→ Activity: Exactly the lines from the one holding "Coque Sony Xperia" through the final line of the data are wanted, copied as written.

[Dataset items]
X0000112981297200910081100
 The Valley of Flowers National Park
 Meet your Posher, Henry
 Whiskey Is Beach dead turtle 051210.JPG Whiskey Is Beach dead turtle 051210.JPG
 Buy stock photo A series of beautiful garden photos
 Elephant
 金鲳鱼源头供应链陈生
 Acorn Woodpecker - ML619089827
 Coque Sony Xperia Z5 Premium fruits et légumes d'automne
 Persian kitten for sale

→ Result for this exercise:
 Coque Sony Xperia Z5 Premium fruits et légumes d'automne
 Persian kitten for sale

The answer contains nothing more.